### BRIEF
Reproduce, exactly and in full, only the lines below from the one containing "Turner Washington Nationals Baseball" through the one containing "Card TMH1A simple Xclusive Collectibles".

TASK DATA section start

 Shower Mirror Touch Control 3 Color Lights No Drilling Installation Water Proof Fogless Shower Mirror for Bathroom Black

TASK DATA section end
TASK DATA section start

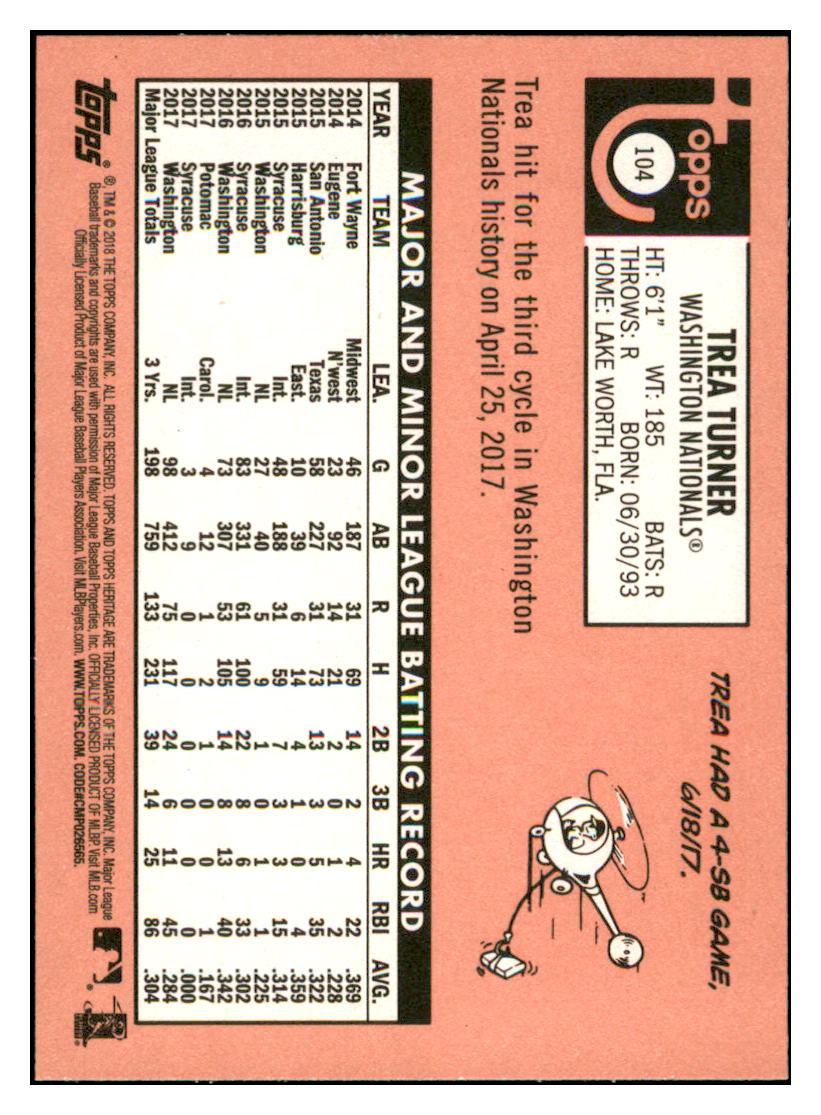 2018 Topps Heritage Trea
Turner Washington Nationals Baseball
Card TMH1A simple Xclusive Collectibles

TASK DATA section end
TASK DATA section start

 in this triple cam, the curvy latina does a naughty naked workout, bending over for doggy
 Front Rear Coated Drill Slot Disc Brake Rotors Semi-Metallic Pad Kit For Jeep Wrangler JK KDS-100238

TASK DATA section end

### FINISHED EXERCISE
Turner Washington Nationals Baseball
Card TMH1A simple Xclusive Collectibles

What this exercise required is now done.